/ServiceManager

System XVI, a system and service manager following the Four Motives: Interface oriented, concerns separated, modular, and self-healing, inspired by Illumos' SMF. Seeks to replicate useful functionality in SystemD.

Primary LanguageCOtherNOASSERTION

System XVI

System XVI Logo

Overview

A forewarning: System XVI is not yet useable, not even in a limited fashion. It remains still prototypical, and will require significant work before making generally available: completion of basic features, making robust the code, and creation of tests. The repository is made available to the public only under this proviso.

System XVI, or S16, is a modern take on service management. It aims to be as or more functional than its alternatives, while retaining a modular design in the UNIX tradition.

We have an IRC channel; find it at irc.freenode.net #systemxvi. You might also want to read the System XVI Manual. This is nowhere near complete, but you may find the work in progress here.

S16 aspires to be both soundly designed and practical: it should be capable of handling as many use cases as possible, yet achieve this on the basis of its simplicity and modularity. The twin temptations of under-flexibility and bloatedness must be avoided.

The Four Motives of S16
  • Interface Orientation: the system should be designed to fit a clean and stable interface. A well-designed interface makes for an obvious implementation.
  • Separation of Concerns: individual components should not do much alone, but work in concert to create a grand system.
  • Modularity: components should be easily replaceable and extensible.
  • Self-healing: components that crash should be able to restart without forgetting system state or otherwise causing breakage.

The Four Motives are a distillation of the factors underpinning the success of many other systems. From these four motives emerges a naturally clean, lightweight, and flexible system.

Design

System XVI is comprised of several binaries which each do one thing well.

Daemons
  • init is responsible for System Initialisation: it has very few tasks to perform, which include reaping processes and starting s16.restartd.
  • s16.configd is charged with maintaining the Service Repository, which keeps a record of the state of services, and notifies interested subscribers, such as s16.graphd when changes to service configuration or state occur.
  • s16.graphd is the Graph Engine, which creates and maintains a graph of services. Using this graph it orders startup, sending requests to s16.restartd for services to start when their dependencies are satisfied.
  • s16.restartd is the Master Restarter: its task is to start and keep services running in response to requests from s16.graphd. If a service fails, it notifies s16.configd about this.

Some services need different forms of supervision, such as those which are managed by inetd. Rather than bloat its core components with complexity, System XVI prefers to let other programs handle this. s16.graphd entrusts supervision of these kinds of services to Delegated Restarters, such as inetd.

Utilities
  • svccfg is used to modify entries in the Service Repository.

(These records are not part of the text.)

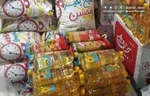 قیمت جدید کالا‌های اساسی در آستانه ماه رمضان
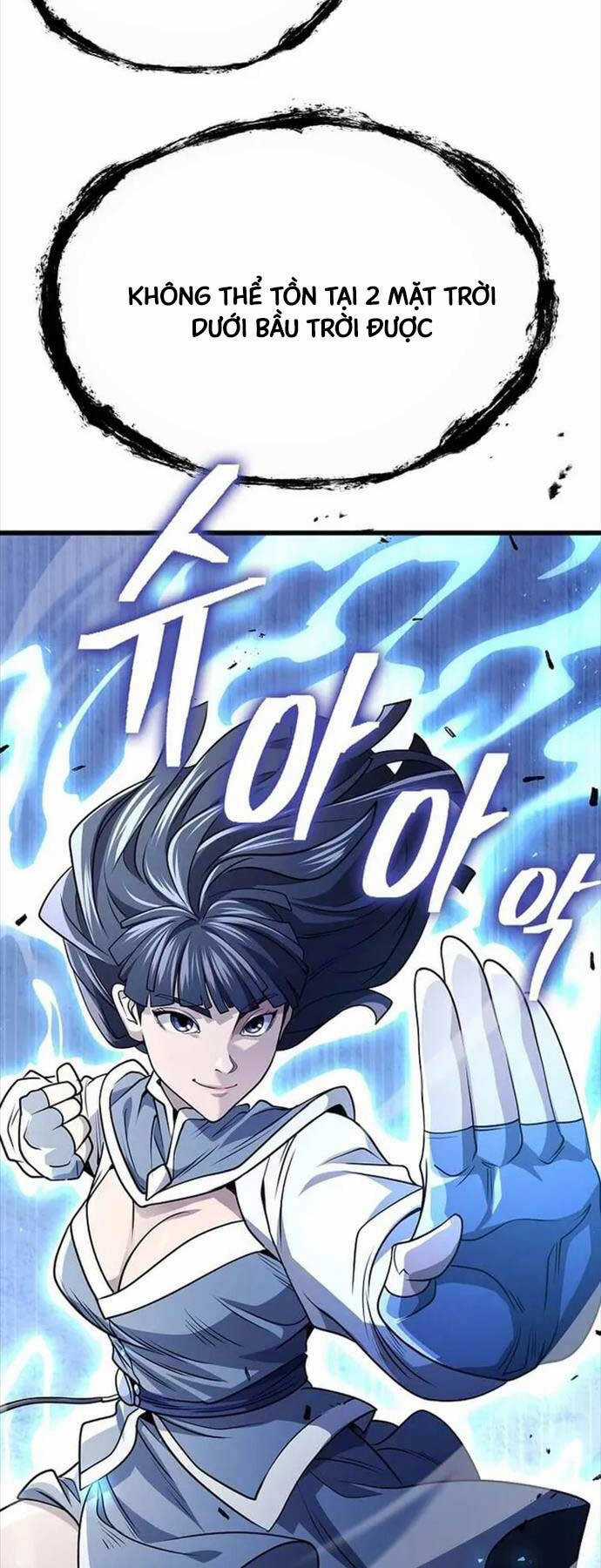 Kiếm Ma Đạo - Chapter 70.5 - Trang 73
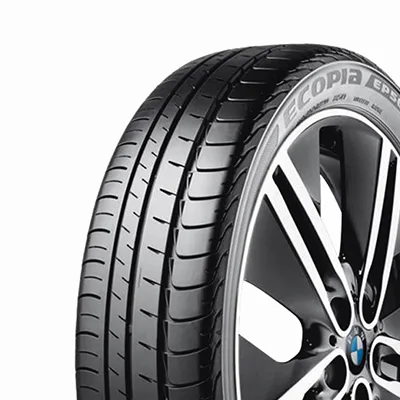 Bridgestone Ecopia EP500 * 175/60R19 86Q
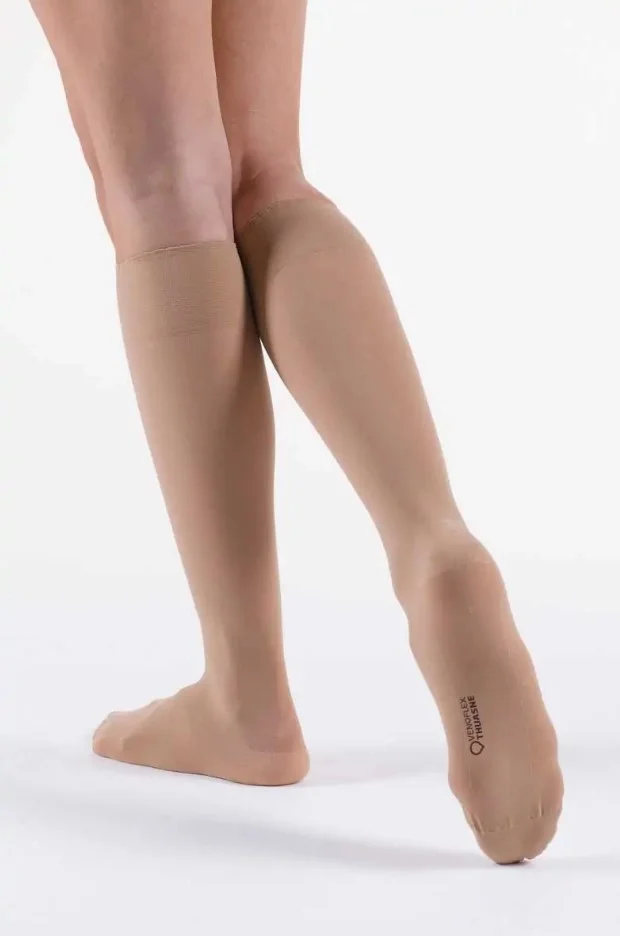 thuasne venoflex secret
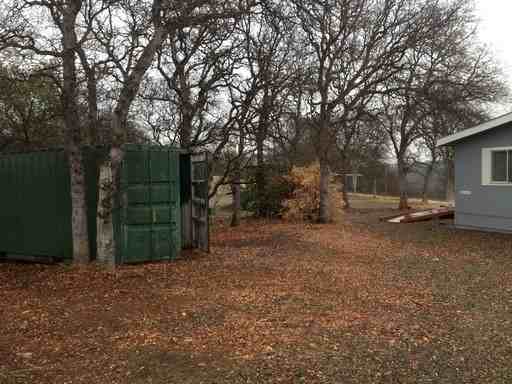 19705 Olinda Rd - Photo 2 of 12
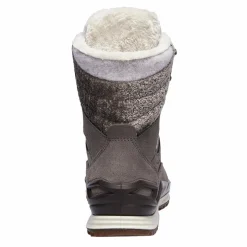 Lowa CALCETA EVO GTX WS Damen - Winterstiefel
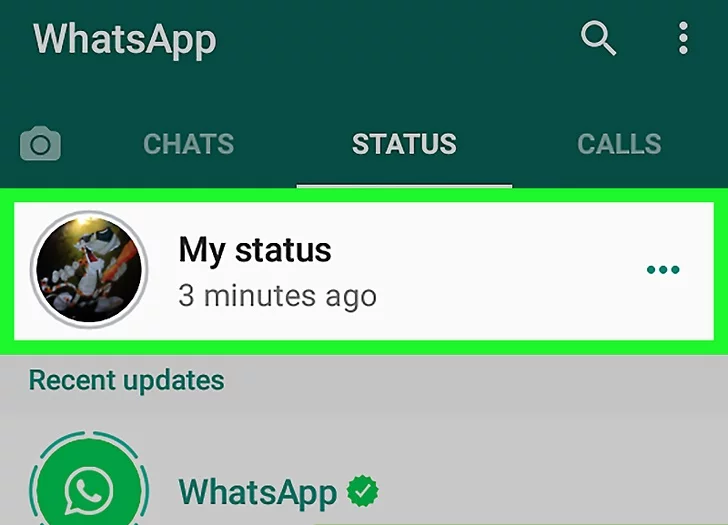 whatsapp官网最新下载安卓-whatsapp官网下载安装最新版本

It can read JSON files in to import new services, as well as edit the configuration of existing services.
  • svcadm enables, disables, or restarts a service as requested.
  • svcs lists services and their status, with in-depth information available on request, such as why a service failed to start.

All these daemons and utilities communicate with each other through a JSON-RPC interface. The interface is simple and stable; anyone who wants to reimplement a part of System XVI is welcome to do so. They need only to implement the protocol that is specified for that part.

FAQ

On what platforms is System XVI supported?

These systems are regularly tested to ensure they work:

  • GNU/Linux
  • FreeBSD
  • NetBSD
  • OpenBSD

The other two BSDs (DragonFly and macOS) are also supported but have not been tested yet. On these platforms all core features should be available. Acting as a system manager on macOS is nontrivial to implement and out of scope, but as an auxiliary service manager, it should work.

Any other platform which is reasonably UNIX-like and has a Kernel Queues available (either natively supported or via a library such as libkqueue) should work to a lesser degree. On those platforms, no tracking of processes across forks is available by default. You may write a process-tracker driver if the platform provides a means of tracking the forking and exits of processes.

Under what licence is System XVI made available?

System XVI is released under the Common Development and Distribution License (CDDL) version 1.1 only. Code under external/ and usr/src/vendor/ may be licensed otherwise, as these are sources from other projects. You may instead use System XVI under the terms of the GPLv3 if you wish, with the exception of graph.c (see within for reasoning.)